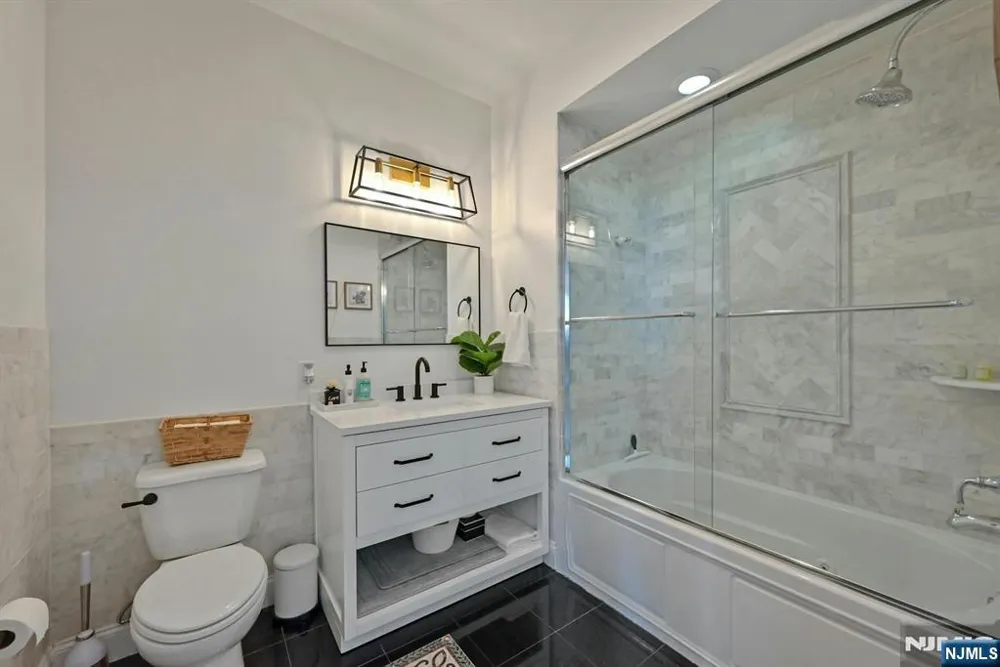 7716 Kennedy Boulevard 3E North Bergen, NJ 07047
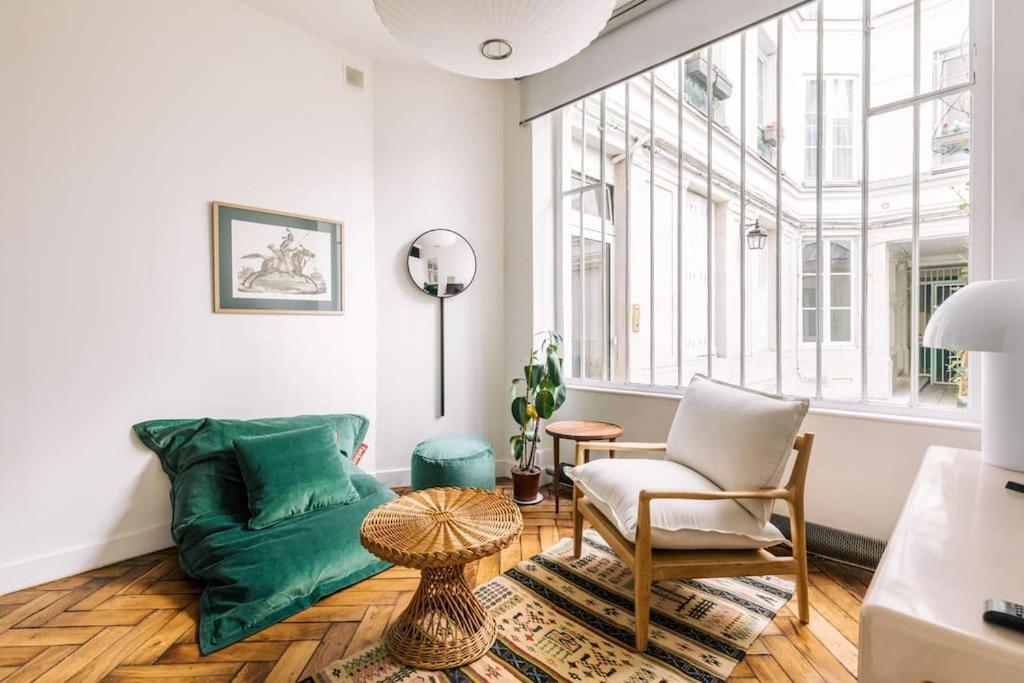 Bright Apartment In The 10Arr. - 4 People Parigi Esterno foto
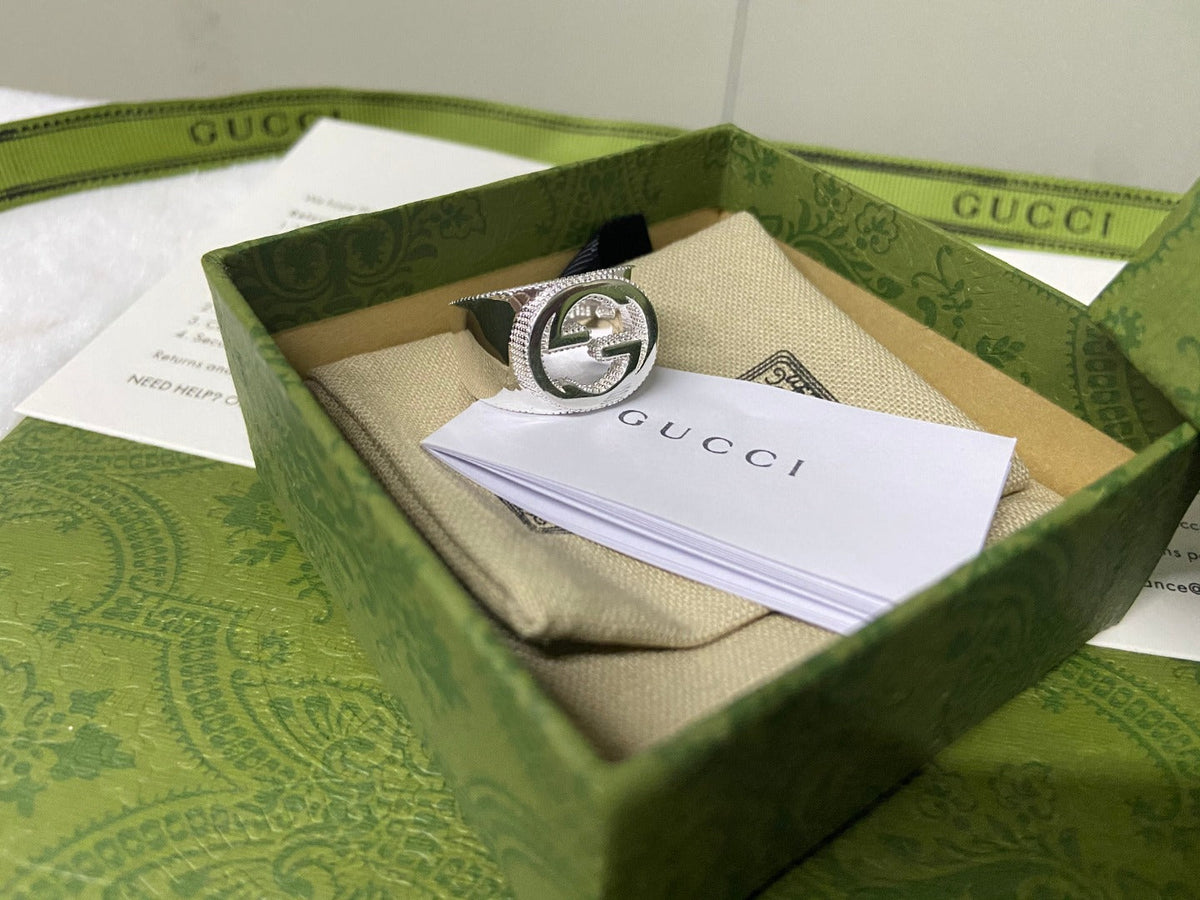 Double Gucci Interlocking Gucci Wide Ring product image 5, provided for visual reference and product detail review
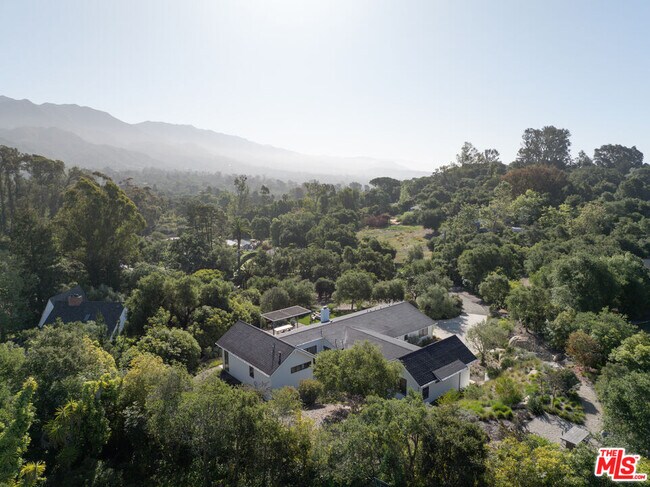 Building Photo - 3155 Eucalyptus Hill Rd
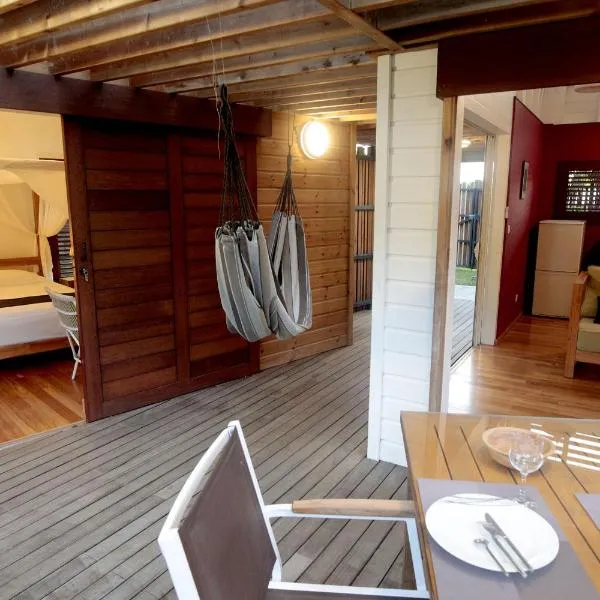 Les Cottages EST et OUEST Coco Cannelle, hotel v destinaci Deshaies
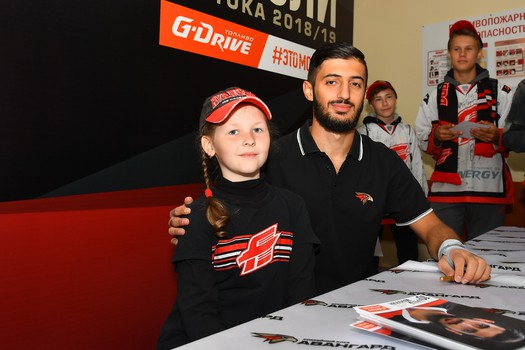 Турнир по следж-хоккею в Омске, день 1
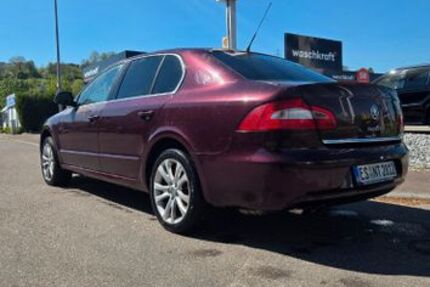 Skoda Superb 165.000 km 5.700 &euro; Altbach 73776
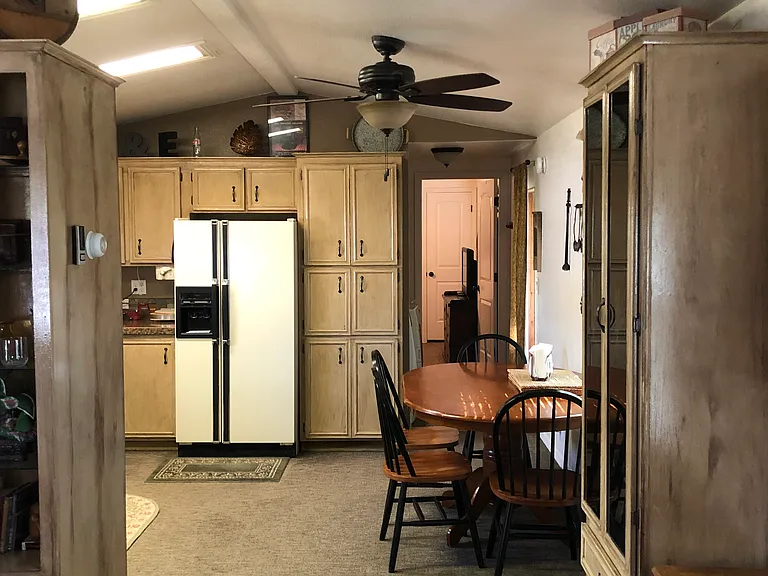 720 W 3 N — Photo 22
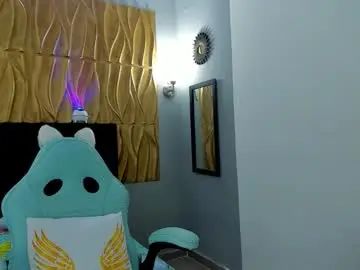 Nanami_owo  live sex cam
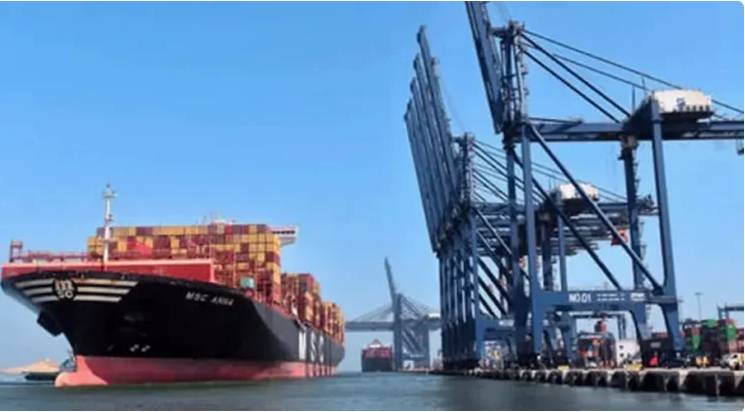 2,000 ships berthed at Karachi Port during one year: Minister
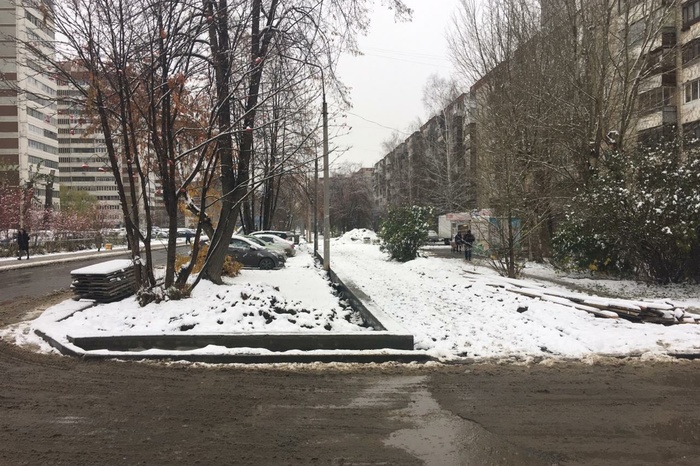 На улице Уральских рабочих дорожники готовятся класть асфальт в снег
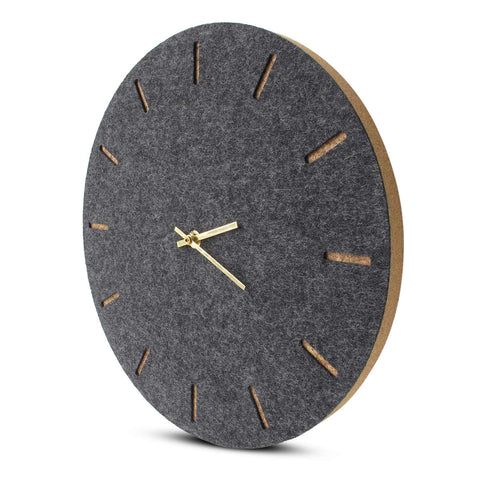 Väggklocka av filt och kork 30 cm | antracit - guld | Design: Köpenhamn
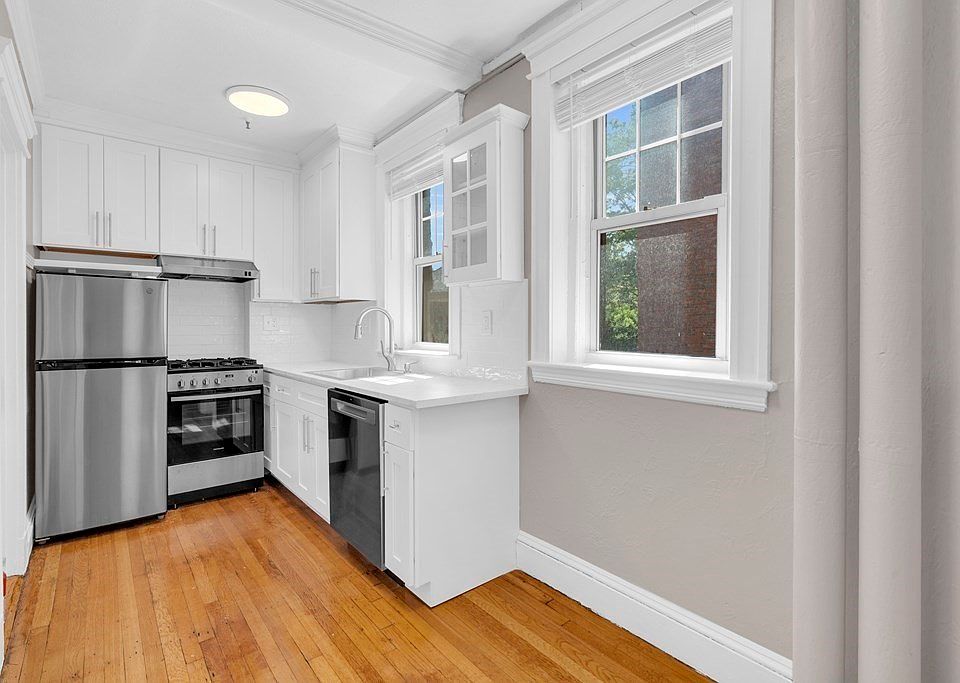 1st image of 114-122 Riverway #122-8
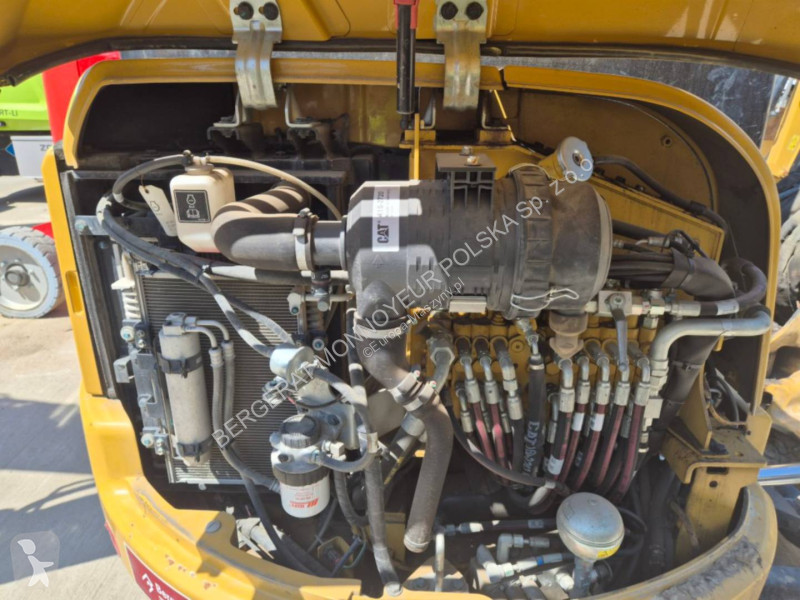 Escavadora Caterpillar 303.5E2CR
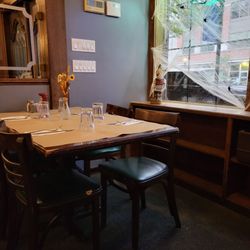 Digger's Ales N' Eats - Decorations for fall and Halloween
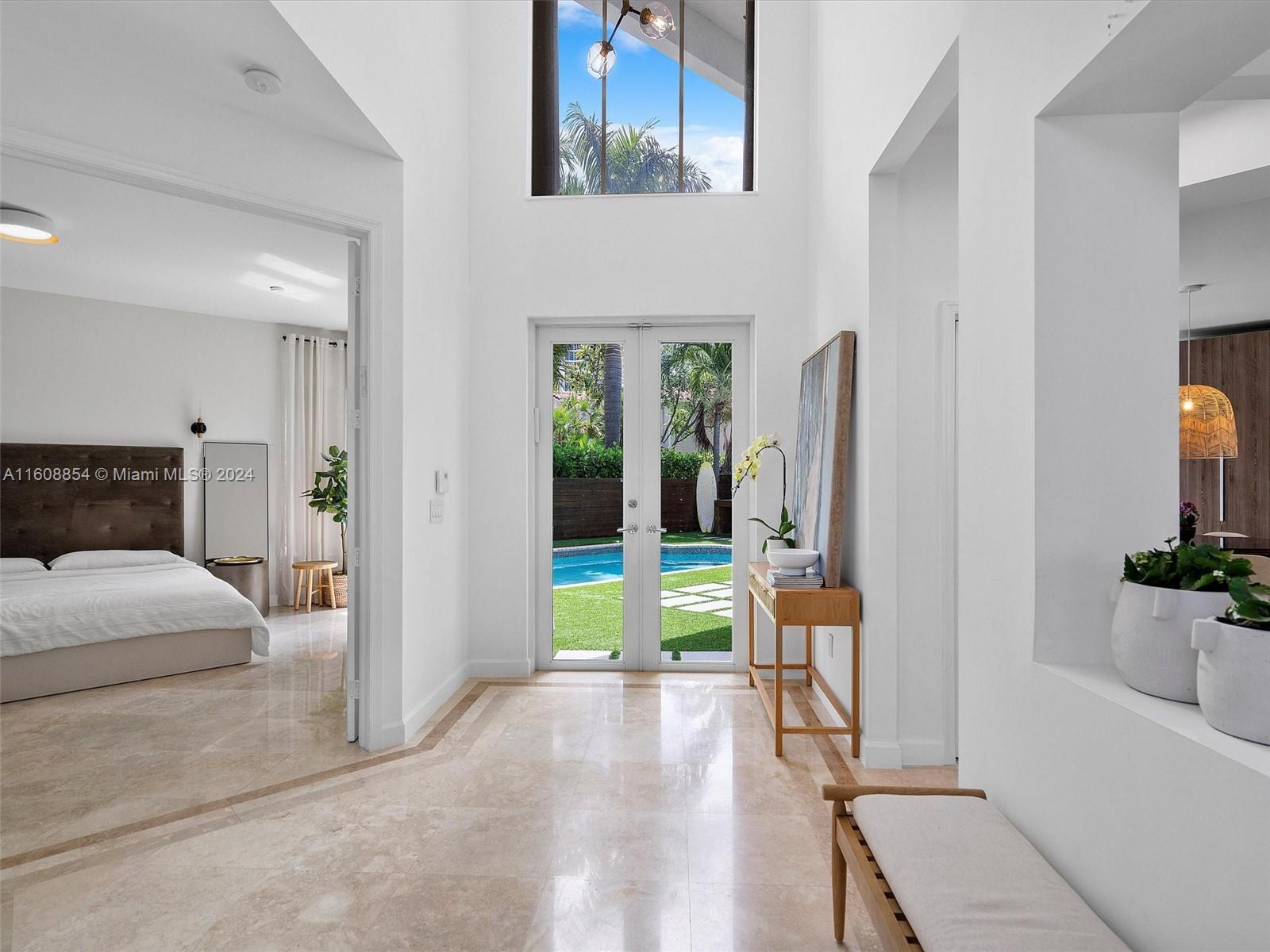 GOLDEN GATE ESTATES & MAR - Residential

• _Work item_
Repeat every entry above precisely, leaving each picture out.

• _Exercise solution_
 7716 Kennedy Boulevard 3E North Bergen, NJ 07047
 Bright Apartment In The 10Arr. - 4 People Parigi Esterno foto
 Double Gucci Interlocking Gucci Wide Ring product image 5, provided for visual reference and product detail review
 Building Photo - 3155 Eucalyptus Hill Rd
 Les Cottages EST et OUEST Coco Cannelle, hotel v destinaci Deshaies
 Турнир по следж-хоккею в Омске, день 1
 Skoda Superb 165.000 km 5.700 &euro; Altbach 73776
 720 W 3 N — Photo 22
 Nanami_owo  live sex cam
 2,000 ships berthed at Karachi Port during one year: Minister
 На улице Уральских рабочих дорожники готовятся класть асфальт в снег
 Väggklocka av filt och kork 30 cm | antracit - guld | Design: Köpenhamn
 1st image of 114-122 Riverway #122-8
 Escavadora Caterpillar 303.5E2CR
 Digger's Ales N' Eats - Decorations for fall and Halloween
 GOLDEN GATE ESTATES & MAR - Residential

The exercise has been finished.